Being a film critic is a tough job, mostly because you have to watch an endless amount of mediocre movies on top of all the ones you actually want to see. But we keep doing it for our own reasons; some critics enjoy the pure art of filmmaking and find greatness in even terrible stories.
Other critics, like me, care mostly about narrative, characterization, and cohesion. So you can read my reviews and get a sense for how I’m critiquing a film, and I even like bad movies from time to time when the story grabs me.
But then some critics seem to find zero value in anything that doesn’t align perfectly with a standard that’s alien to almost everyone reading the review. Hence, they write terrible reviews that leave us scratching our heads and missing the musings of Roger Ebert.
One such review is a write-up about Captain America: Civil War by Matthew Lickona on San Diego Reader. In it, he proves that less is not always more, like an entree salad without dressing or a review on Entertainment Weekly.
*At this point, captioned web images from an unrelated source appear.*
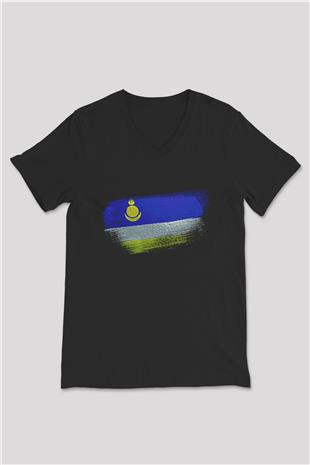 Buryatya - Buryatia Bayrağı Baskılı Unisex Siyah V Yaka Tişört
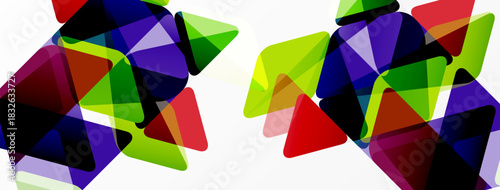 Abstract composition featuring overlapping translucent triangles. Vibrant colors create dynamic visual texture. Modern design element.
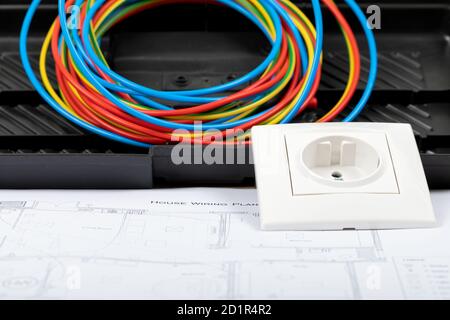 Tools for electrician needs: shocket multimeter, voltage testers, wire strippers, pliers, Stock Photo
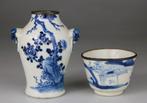 Vaas en coupe van Chinees porselein - Porselein, Blanc et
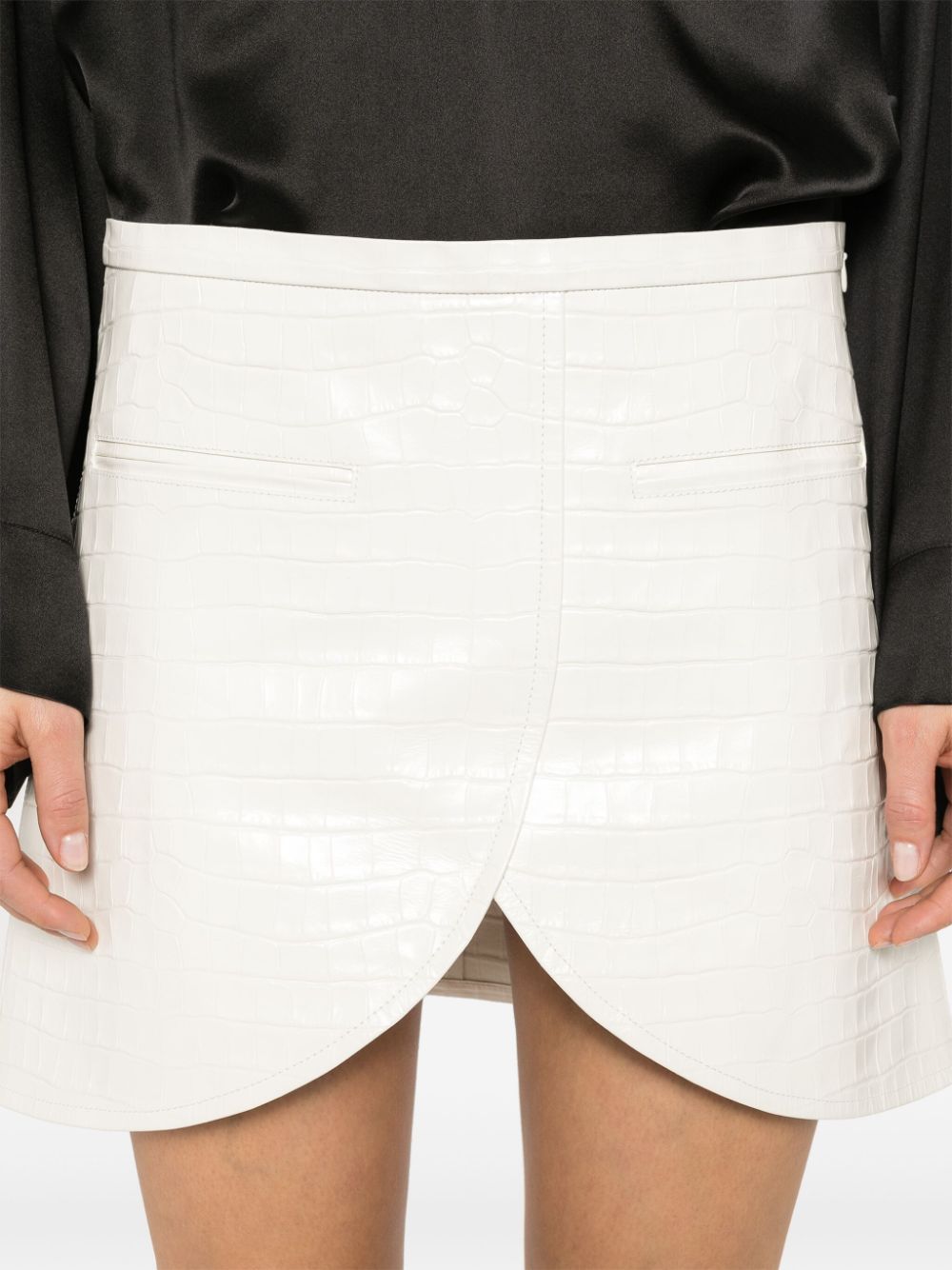 Shop Courrèges Ellipse Crocodile-effect Leather Mini Skirt In White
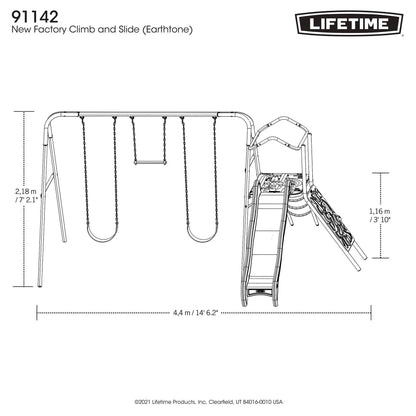 Casavibeo Lifetime Climb & Slide Playset featuring a slide, climbing frame, and colorful outdoor play equipment for kids.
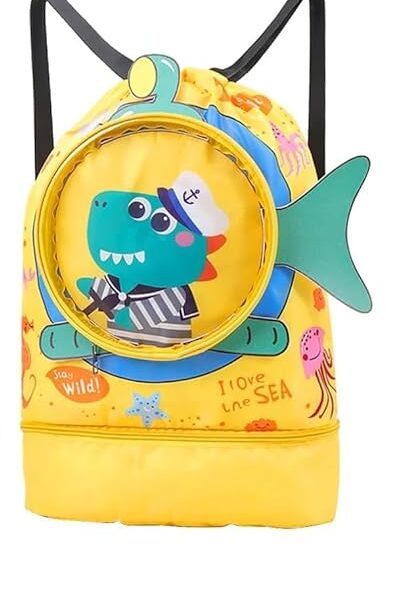 Large Capacity Swimming Drawstring Bag For Kids- Yellow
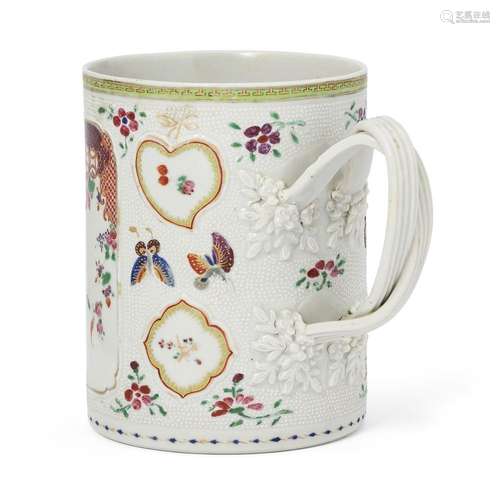 A Chinese export famille rose tankard<br />
<br />
Qing dyna...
Lickona starts with a dependent clause (obviously):
A comic-book movie in the pejorative sense of the term
So right off the bat, he’s criticizing the genre itself. If he’s not a fan of comic-book movies, why be paid to review them, or want to be paid to review them? So people who were already uninterested have something to thumb through while NPR is reporting something interesting?
starting with the bizarre moral acrobatics required to set up the internal strife mentioned in the title.
Except the strife between Captain America and Iron Man has been building since they first met, and even before they met. It’s not “bizarre” or out of place because we’ve watched each of these character form the worldviews they espouse in this film in their previous movies.
Captain America is a skeptic of government intervention because of what happened with Hydra in Winter Soldier. Tony Stark is feeling guilty for causing the catastrophe that was Ultron in Age of You Know What. The only acrobatics that went on here were in the fight scenes, so can we talk about those?
Sure, members of the Avengers saved the world a few times over, but innocents died in the process, and so someone’s got to take the blame. Or at least accept a government collar.
Human computer The Vision must have fried a circuit explaining it thus: “strength invites challenge; challenge creates conflict; conflict breeds catastrophe.”
The Vision is neither a human or a computer. And he seemed pretty calm while explaining this, “circuits” and all.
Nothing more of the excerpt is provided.